# RECORDS FOR THIS TASK

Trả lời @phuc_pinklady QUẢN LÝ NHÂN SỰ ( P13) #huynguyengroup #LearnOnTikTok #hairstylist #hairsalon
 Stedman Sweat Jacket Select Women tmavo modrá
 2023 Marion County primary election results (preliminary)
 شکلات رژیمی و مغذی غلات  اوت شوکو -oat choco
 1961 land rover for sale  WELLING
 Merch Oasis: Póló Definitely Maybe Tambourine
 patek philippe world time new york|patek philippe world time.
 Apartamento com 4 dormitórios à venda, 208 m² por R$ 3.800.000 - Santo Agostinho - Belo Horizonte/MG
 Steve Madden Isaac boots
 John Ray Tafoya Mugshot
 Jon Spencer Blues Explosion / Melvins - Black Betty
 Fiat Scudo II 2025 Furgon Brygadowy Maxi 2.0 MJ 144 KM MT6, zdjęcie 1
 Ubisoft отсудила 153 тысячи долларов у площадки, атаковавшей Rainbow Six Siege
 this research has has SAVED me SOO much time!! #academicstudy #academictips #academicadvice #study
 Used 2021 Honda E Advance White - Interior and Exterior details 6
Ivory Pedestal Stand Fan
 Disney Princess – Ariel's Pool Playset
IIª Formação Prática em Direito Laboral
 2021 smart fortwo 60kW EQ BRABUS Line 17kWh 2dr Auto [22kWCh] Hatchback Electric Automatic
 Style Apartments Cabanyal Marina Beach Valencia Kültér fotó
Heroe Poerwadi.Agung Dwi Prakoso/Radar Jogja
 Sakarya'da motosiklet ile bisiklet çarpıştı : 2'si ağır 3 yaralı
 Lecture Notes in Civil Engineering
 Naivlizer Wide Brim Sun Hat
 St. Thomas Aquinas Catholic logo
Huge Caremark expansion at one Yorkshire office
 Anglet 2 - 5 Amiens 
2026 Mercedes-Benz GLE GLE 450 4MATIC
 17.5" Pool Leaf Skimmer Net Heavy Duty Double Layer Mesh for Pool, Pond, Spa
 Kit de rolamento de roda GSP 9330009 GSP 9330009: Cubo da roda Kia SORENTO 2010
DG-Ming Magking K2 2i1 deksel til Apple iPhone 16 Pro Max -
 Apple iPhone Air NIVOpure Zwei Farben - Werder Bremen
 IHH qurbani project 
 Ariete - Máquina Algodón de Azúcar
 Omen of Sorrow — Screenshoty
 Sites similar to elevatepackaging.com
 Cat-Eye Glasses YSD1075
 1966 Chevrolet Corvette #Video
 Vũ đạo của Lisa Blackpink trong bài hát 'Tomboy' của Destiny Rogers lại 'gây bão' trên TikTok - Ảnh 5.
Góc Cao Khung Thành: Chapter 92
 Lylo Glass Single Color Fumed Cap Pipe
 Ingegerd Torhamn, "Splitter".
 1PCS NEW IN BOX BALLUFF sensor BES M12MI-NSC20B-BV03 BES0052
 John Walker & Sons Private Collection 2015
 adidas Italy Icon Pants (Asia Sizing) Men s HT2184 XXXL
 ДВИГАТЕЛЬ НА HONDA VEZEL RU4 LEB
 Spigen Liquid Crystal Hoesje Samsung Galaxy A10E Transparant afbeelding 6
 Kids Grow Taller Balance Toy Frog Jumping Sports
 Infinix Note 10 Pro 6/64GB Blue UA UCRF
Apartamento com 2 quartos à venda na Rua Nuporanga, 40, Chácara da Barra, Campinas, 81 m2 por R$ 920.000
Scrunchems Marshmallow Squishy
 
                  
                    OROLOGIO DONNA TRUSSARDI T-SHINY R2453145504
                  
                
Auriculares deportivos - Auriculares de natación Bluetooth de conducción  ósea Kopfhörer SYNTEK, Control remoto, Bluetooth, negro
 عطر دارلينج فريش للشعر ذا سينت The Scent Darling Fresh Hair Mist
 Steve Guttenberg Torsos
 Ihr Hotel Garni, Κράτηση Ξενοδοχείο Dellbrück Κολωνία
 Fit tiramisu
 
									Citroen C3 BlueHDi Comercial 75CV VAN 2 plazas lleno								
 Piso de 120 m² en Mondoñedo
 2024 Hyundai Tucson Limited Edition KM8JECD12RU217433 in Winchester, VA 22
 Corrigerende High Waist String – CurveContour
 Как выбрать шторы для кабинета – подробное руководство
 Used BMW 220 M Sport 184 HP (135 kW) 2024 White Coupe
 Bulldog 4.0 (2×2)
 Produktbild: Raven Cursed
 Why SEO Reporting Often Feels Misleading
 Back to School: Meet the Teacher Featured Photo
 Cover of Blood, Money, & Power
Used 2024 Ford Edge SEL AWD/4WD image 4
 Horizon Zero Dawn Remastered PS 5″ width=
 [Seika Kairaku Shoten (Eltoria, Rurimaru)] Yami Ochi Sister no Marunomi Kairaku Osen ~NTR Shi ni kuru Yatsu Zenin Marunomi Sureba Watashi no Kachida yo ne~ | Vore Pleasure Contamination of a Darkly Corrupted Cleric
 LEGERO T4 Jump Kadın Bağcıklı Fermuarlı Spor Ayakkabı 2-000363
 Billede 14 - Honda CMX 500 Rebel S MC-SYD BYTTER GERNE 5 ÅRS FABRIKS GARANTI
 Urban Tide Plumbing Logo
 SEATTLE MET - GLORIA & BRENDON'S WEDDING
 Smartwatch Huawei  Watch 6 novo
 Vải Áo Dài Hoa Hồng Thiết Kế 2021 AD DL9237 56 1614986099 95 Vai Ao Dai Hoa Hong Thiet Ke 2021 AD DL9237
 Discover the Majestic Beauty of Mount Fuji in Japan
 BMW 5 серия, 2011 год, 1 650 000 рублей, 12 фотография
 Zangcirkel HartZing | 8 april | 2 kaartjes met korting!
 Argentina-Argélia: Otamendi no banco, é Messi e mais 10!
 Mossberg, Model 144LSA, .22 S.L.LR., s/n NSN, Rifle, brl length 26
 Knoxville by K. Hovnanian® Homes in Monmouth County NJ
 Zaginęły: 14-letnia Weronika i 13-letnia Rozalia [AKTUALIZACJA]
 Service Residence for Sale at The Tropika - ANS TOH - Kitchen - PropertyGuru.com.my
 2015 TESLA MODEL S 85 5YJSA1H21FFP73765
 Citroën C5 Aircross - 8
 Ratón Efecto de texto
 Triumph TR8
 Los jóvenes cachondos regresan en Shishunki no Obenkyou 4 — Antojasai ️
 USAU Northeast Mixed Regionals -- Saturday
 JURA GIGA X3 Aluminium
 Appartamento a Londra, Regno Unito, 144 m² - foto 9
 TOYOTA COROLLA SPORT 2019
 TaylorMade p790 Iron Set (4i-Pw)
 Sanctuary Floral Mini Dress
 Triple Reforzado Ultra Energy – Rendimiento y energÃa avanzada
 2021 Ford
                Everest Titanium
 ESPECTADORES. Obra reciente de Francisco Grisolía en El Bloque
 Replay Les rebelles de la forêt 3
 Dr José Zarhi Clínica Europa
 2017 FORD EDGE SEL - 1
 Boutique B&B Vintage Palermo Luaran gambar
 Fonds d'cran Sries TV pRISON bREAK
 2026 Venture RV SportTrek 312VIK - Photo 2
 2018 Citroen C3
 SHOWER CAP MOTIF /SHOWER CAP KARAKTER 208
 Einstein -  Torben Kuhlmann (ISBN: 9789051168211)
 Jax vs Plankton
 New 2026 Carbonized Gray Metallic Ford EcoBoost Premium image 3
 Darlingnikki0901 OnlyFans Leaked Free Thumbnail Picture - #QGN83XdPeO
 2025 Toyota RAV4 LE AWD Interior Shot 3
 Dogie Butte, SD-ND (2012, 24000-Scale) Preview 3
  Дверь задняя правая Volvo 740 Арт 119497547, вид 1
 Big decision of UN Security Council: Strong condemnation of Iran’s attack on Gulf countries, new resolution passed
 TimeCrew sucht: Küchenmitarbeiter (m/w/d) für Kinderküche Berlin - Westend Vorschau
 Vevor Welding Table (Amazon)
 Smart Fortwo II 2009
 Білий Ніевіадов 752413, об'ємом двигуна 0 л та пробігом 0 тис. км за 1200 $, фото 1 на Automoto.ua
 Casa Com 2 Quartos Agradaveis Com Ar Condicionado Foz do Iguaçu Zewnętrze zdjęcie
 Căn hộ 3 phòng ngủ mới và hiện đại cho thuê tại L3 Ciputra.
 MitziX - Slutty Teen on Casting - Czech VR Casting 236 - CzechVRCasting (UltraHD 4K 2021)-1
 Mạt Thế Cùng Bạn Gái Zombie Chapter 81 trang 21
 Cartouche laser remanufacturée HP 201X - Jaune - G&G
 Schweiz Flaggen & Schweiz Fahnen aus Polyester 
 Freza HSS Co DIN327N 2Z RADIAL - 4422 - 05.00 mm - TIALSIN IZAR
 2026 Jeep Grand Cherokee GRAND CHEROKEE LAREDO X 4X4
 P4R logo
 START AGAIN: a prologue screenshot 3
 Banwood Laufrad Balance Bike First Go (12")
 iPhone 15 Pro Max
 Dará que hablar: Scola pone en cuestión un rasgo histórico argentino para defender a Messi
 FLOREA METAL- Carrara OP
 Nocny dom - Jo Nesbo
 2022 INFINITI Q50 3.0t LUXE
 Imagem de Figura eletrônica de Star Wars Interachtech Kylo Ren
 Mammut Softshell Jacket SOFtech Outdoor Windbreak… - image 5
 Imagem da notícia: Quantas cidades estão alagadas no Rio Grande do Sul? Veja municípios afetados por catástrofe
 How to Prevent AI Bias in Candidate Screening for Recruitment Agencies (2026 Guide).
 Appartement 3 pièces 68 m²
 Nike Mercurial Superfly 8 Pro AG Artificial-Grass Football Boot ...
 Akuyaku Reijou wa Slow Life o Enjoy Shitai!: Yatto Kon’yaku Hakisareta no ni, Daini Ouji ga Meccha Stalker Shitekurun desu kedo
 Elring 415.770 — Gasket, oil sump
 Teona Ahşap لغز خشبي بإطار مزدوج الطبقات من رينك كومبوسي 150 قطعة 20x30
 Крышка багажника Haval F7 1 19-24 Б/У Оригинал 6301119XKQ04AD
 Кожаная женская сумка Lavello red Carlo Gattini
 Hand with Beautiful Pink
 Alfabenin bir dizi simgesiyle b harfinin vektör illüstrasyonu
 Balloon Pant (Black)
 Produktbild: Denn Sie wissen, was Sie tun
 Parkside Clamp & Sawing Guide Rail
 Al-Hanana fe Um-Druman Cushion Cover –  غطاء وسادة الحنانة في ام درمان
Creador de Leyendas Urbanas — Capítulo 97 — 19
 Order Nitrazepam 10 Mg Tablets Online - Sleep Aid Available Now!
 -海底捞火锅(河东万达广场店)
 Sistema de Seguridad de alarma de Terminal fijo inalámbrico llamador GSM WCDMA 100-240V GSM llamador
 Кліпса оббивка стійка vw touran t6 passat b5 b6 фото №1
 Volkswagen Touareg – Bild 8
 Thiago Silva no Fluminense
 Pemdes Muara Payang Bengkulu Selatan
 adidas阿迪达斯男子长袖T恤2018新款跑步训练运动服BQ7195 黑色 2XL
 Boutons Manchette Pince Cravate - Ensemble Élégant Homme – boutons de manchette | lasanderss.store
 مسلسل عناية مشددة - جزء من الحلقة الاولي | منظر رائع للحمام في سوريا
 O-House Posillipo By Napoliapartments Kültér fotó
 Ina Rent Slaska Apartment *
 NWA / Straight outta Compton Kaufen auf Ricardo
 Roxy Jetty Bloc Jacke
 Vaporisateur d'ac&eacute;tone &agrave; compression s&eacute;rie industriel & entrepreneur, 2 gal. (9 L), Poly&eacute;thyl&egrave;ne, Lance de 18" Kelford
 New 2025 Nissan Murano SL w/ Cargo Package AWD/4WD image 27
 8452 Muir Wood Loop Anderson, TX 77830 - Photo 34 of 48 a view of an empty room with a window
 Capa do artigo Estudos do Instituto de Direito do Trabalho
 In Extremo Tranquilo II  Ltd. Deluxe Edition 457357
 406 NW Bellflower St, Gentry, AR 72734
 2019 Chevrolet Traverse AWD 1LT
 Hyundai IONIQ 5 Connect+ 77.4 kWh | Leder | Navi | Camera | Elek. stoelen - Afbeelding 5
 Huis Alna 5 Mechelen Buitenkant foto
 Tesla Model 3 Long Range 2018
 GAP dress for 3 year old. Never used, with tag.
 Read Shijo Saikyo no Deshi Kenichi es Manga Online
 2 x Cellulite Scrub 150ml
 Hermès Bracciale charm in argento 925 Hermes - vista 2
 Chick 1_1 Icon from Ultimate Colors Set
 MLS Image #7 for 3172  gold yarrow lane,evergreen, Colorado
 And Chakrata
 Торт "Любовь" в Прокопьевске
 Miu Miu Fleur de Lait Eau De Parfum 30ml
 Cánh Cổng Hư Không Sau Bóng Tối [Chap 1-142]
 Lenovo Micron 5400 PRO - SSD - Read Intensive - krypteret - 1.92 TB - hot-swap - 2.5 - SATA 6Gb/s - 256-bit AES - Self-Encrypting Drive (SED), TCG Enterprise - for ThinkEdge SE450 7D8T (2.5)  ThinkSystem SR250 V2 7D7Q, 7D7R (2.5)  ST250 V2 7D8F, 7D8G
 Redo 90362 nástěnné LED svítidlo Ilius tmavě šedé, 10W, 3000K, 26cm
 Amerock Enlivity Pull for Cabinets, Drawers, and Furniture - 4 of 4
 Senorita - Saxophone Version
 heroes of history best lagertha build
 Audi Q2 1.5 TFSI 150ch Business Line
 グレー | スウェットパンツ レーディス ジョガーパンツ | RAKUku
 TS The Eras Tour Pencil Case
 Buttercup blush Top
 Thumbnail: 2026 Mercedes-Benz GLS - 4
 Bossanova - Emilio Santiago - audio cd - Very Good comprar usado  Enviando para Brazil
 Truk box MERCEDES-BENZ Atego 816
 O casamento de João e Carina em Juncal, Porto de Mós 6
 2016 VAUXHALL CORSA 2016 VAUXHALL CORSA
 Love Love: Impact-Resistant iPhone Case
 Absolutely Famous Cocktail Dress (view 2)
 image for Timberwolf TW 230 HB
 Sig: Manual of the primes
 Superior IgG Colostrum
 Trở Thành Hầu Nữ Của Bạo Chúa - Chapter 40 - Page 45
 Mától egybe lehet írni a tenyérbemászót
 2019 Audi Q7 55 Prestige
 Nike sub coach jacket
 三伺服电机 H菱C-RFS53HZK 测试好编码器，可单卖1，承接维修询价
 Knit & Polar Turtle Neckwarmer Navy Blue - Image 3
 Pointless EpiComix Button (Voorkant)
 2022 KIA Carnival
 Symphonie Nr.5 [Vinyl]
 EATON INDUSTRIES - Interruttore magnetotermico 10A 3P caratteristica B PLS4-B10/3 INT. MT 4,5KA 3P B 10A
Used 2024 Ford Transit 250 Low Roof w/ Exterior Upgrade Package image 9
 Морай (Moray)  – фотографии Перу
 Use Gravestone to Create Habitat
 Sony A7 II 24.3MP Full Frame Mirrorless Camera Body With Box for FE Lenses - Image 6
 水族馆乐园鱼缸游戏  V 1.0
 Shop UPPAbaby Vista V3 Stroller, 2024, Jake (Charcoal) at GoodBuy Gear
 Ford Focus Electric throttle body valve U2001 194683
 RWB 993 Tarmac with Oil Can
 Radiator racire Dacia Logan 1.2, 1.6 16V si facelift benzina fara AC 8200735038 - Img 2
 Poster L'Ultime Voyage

# ACTION ITEM
Please give again the lines above between the line holding "Кліпса оббивка стійка" and the line holding "Senorita - Saxophone Version", inclusive, exactly as they are and with nothing added.

# TASK ANSWER
 Кліпса оббивка стійка vw touran t6 passat b5 b6 фото №1
 Volkswagen Touareg – Bild 8
 Thiago Silva no Fluminense
 Pemdes Muara Payang Bengkulu Selatan
 adidas阿迪达斯男子长袖T恤2018新款跑步训练运动服BQ7195 黑色 2XL
 Boutons Manchette Pince Cravate - Ensemble Élégant Homme – boutons de manchette | lasanderss.store
 مسلسل عناية مشددة - جزء من الحلقة الاولي | منظر رائع للحمام في سوريا
 O-House Posillipo By Napoliapartments Kültér fotó
 Ina Rent Slaska Apartment *
 NWA / Straight outta Compton Kaufen auf Ricardo
 Roxy Jetty Bloc Jacke
 Vaporisateur d'ac&eacute;tone &agrave; compression s&eacute;rie industriel & entrepreneur, 2 gal. (9 L), Poly&eacute;thyl&egrave;ne, Lance de 18" Kelford
 New 2025 Nissan Murano SL w/ Cargo Package AWD/4WD image 27
 8452 Muir Wood Loop Anderson, TX 77830 - Photo 34 of 48 a view of an empty room with a window
 Capa do artigo Estudos do Instituto de Direito do Trabalho
 In Extremo Tranquilo II  Ltd. Deluxe Edition 457357
 406 NW Bellflower St, Gentry, AR 72734
 2019 Chevrolet Traverse AWD 1LT
 Hyundai IONIQ 5 Connect+ 77.4 kWh | Leder | Navi | Camera | Elek. stoelen - Afbeelding 5
 Huis Alna 5 Mechelen Buitenkant foto
 Tesla Model 3 Long Range 2018
 GAP dress for 3 year old. Never used, with tag.
 Read Shijo Saikyo no Deshi Kenichi es Manga Online
 2 x Cellulite Scrub 150ml
 Hermès Bracciale charm in argento 925 Hermes - vista 2
 Chick 1_1 Icon from Ultimate Colors Set
 MLS Image #7 for 3172  gold yarrow lane,evergreen, Colorado
 And Chakrata
 Торт "Любовь" в Прокопьевске
 Miu Miu Fleur de Lait Eau De Parfum 30ml
 Cánh Cổng Hư Không Sau Bóng Tối [Chap 1-142]
 Lenovo Micron 5400 PRO - SSD - Read Intensive - krypteret - 1.92 TB - hot-swap - 2.5 - SATA 6Gb/s - 256-bit AES - Self-Encrypting Drive (SED), TCG Enterprise - for ThinkEdge SE450 7D8T (2.5)  ThinkSystem SR250 V2 7D7Q, 7D7R (2.5)  ST250 V2 7D8F, 7D8G
 Redo 90362 nástěnné LED svítidlo Ilius tmavě šedé, 10W, 3000K, 26cm
 Amerock Enlivity Pull for Cabinets, Drawers, and Furniture - 4 of 4
 Senorita - Saxophone Version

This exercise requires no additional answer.